Александр Иванович столовался у Синицких сначала потому, что обеды были там дешевые и вкусные. К тому же основным правилом он поставил себе ни на минуту не забывать о том, что он мелкий служащий. Он тыкал всем в глаза свою мнимую бедность и любил поговорить о трудности существования в большом городе на мизерное жалование. Но с некоторых пор цена и вкус обедов потеряли для него то отвлеченное и показательное значение, которое он им придавал. Если бы от него потребовали и он мог сделать это не таясь, то платил бы за обед не шестьдесят пять копеек, как он это делал теперь, а три или даже пять тысяч рублей.
Дело в том, что Александр Иванович, подвижник, сознательно изнурявший себя финансовыми веригами, запретивший себе прикасаться ко всему, что стоит дороже полтинника, и в то же время раздраженный тем, что из боязни потерять миллионы он не может открыто истратить ста рублей, – влюбился, влюбился с той грубостью, на которую способен человек сильный, суровый и обозленный бесконечным ожиданием.

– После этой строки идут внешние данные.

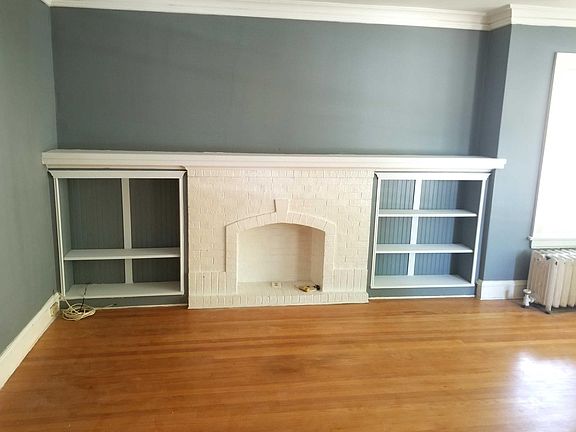 3rd image of 5620 N Spaulding Ave Floor 1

Съев полтораста борщей и такое же количество рубленых котлет, он стал в семье Синицких своим человеком. В жалкой шкуре маленького служащего он никак не мог решиться ухаживать за Зосей. Он вел с ней добропорядочные беседы, рассказывал ей о юридических казусах и с ненавистью к себе чувствовал, что слишком хорошо вошел в роль. Шкура давила его. Он не только не мог оглушить Зосю своим богатством. Он не мог даже блеснуть перед ней своими поистине замечательными способностями финансового стратега.

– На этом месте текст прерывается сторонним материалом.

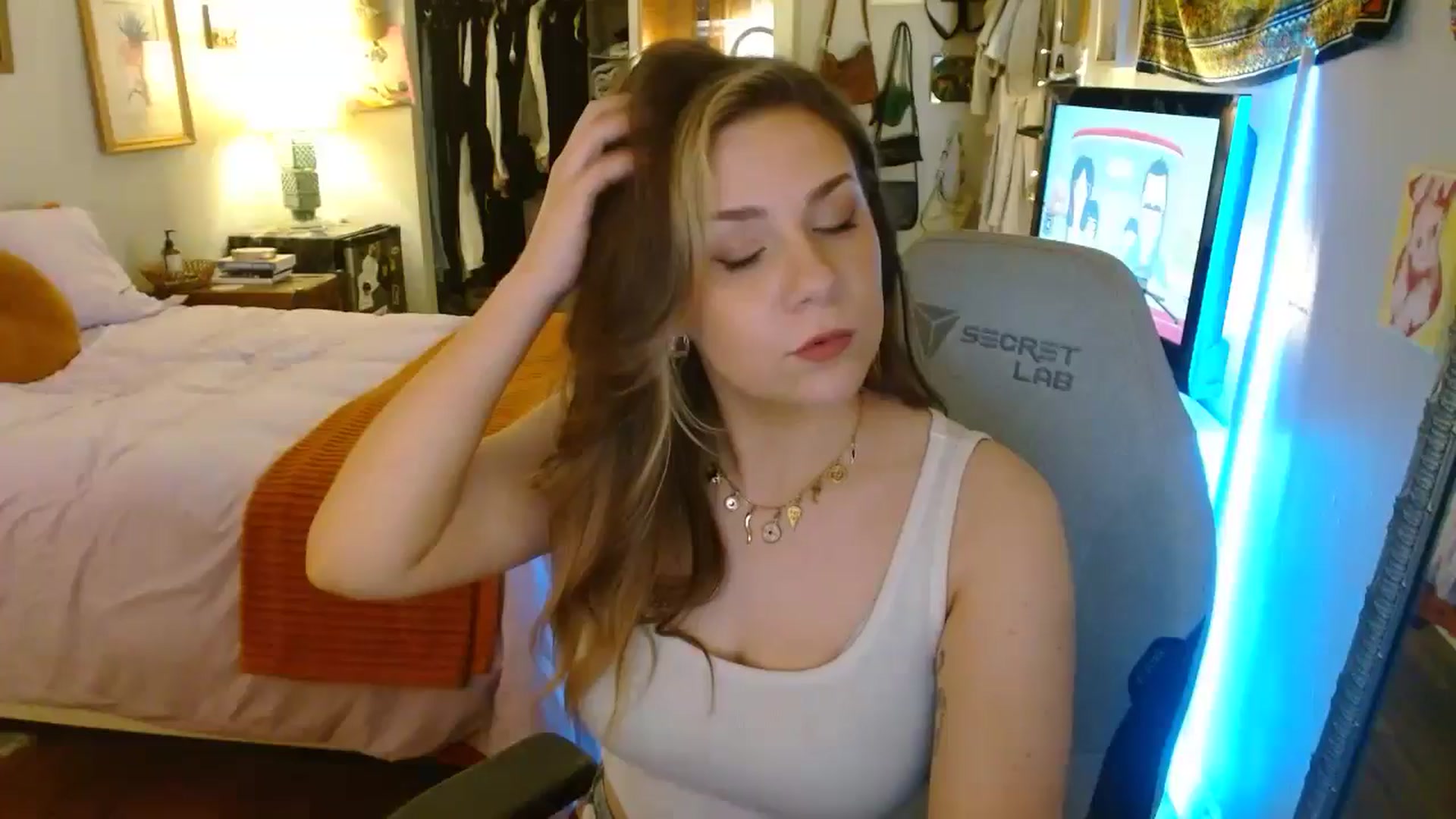 Gallery image thumbnail from Sweetestlilly's myfreecams stream on, 06/08/2024, 04:21 image 19 of 20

Папу-Модерато Александр Иванович терпеть не мог, хотя виделся с ним только несколько раз. Папе-Модерато было девятнадцать лет. Корейке было тридцать пять. У Корейки было 46 рублей в месяц официально и десять миллионов неофициально. У Модерато официально не было ни копейки (он жил у родителей), а неофициально он умудрялся зарабатывать рублей двадцать в месяц, изображая при случае эпизодические роли римлян. Но Корейко не смел брать из своих миллионов ни копейки, а Папа тратил свои двадцать рублей с такой помпой, что кинематографическая Одесса долго содрогалась после его кутежей.